In most cases, characters in Victoriana attempt tasks on their own, or everyone attempts similar tasks at the same time. For example, a dwarf, an elf, and an ogre suspect the library hides a secret passage. All three search for the entrance at the same time, probably at different heights. All three make a Perception + Wits test. Those that succeed, find the book that opens the secret door. Those that fail, look at their successful peers with admiration. Everyone had a chance, but nobody helped each other. They simply all tried the same task at the same time.

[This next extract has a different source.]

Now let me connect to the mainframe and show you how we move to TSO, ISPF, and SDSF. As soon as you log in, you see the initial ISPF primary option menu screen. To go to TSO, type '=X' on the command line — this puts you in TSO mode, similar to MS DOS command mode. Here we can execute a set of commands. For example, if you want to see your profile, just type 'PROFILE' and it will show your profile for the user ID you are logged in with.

Sometimes a task depends on the effort of one person, but others can assist through Group Rolls. The same dwarf, elf, and ogre discover the secret passage leads down to a large sewer canal. A rowboat bobs in the murky sludge. They climb in. As the strongest member of the party, the ogre takes the oars. The elf holds up a lantern and points out obstacles as the dwarf stirs up the water in front of the boat with a stick to ease its passage through the sludge. In this case, the ogre is trying to perform a task, while the elf and dwarf assist.

Page 163 of the Victoriana 3rd Edition rulebook explains how Group Rolls work. The primary (in this case the ogre) rolls the test as normal, while the assistants (the elf and dwarf) roll the test with only dice from skills in their pool (no attributes). Their net successes count as automatic successes in the primary’s test.

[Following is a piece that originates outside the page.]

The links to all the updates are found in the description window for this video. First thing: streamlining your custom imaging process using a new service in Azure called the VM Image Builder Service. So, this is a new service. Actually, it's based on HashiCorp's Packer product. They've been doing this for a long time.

That’s fine, but this is Victoriana. Let’s roll lots of dice and embrace dramatic tension! Here is how Group Rolls work at my table: First the assistants test whatever Skill + Attribute is pertinent to the task just like a regular test. For every success rolled, the primary removes a black die from the dice pool for their test. Then the primary rolls their test with a normal pool and the reduced black dice. If the assistant’s dice pools had black dice, they may roll a foul failure. In which case, they add black dice equal to their test result to the primary’s dice pool.

In this case, the ogre is the primary and the other two adventurers assist them. The ogre is about to roll a Might+ Strength test with six black dice to row the boat through the canal. The elf snagged three successes, directing the ogre to duck their head at low ceilings and avoid rushing water, but the dwarf’s frantic stirrings netted one black die success. Together their efforts reduced the six black dice in the Ogre’s pool down to four. If the ogre succeeds in their test, the party navigates through the secret canal to the cabal’s lair. If not, they wind deeper into the sewer at a pace slow enough for something awful to catch up to them.

This house rule is really a matter of taste. In Victoriana, I prefer more dice and less automatic successes. The rule in the book is fine. It works, but I wholeheartedly prefer this method.